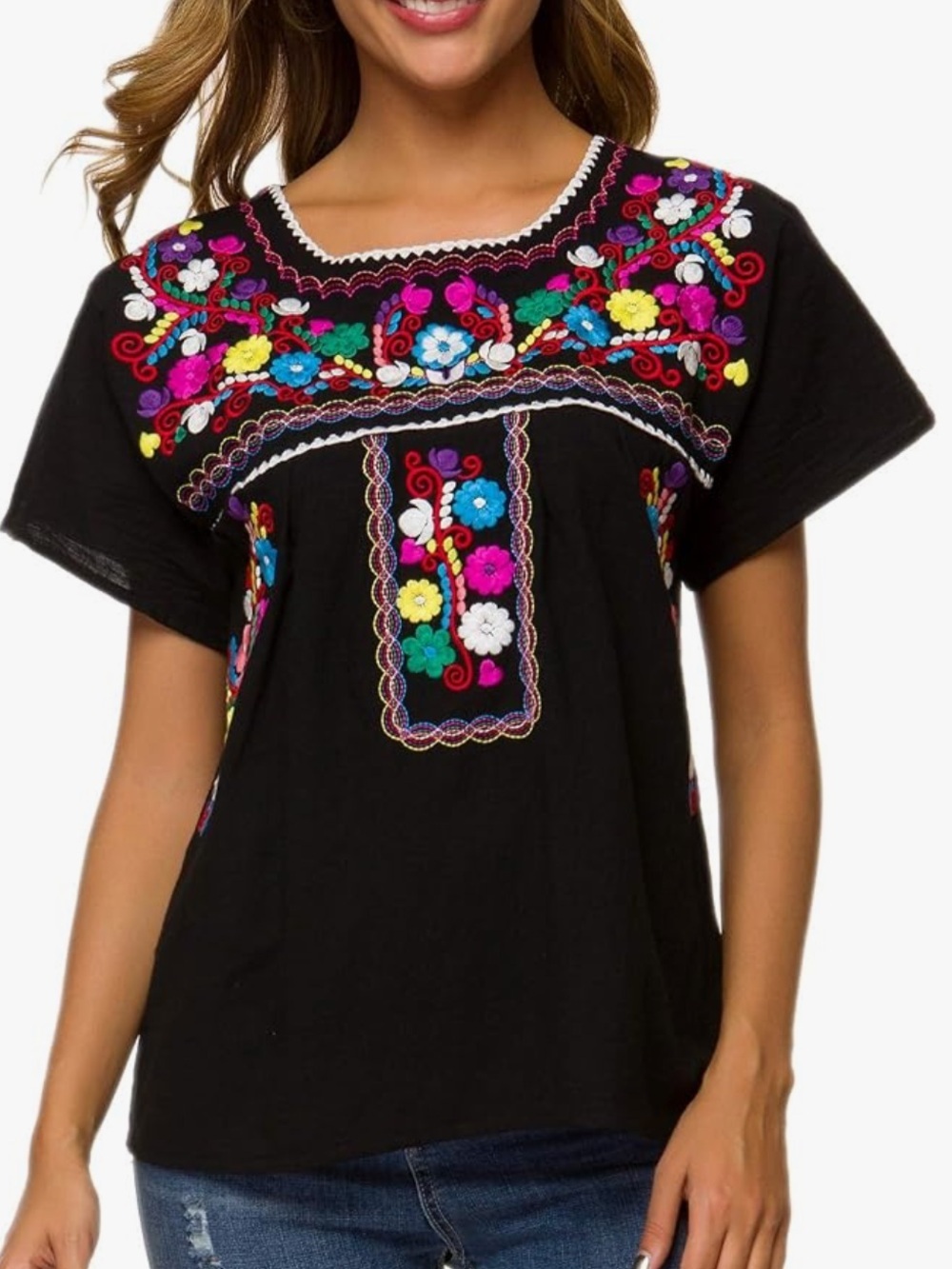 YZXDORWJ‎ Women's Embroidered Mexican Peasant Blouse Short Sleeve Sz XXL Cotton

********************

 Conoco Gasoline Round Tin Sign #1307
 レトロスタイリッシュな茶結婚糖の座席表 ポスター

********************

**What to do:**
Find the line with "Conoco Gasoline Round Tin Sign #1307" in the entries above. Retype it and each line after it, exactly, through the line with "レトロスタイリッシュな茶結婚糖の座席表 ポスター", and stop there.

**Your solution:**
 Conoco Gasoline Round Tin Sign #1307
 レトロスタイリッシュな茶結婚糖の座席表 ポスター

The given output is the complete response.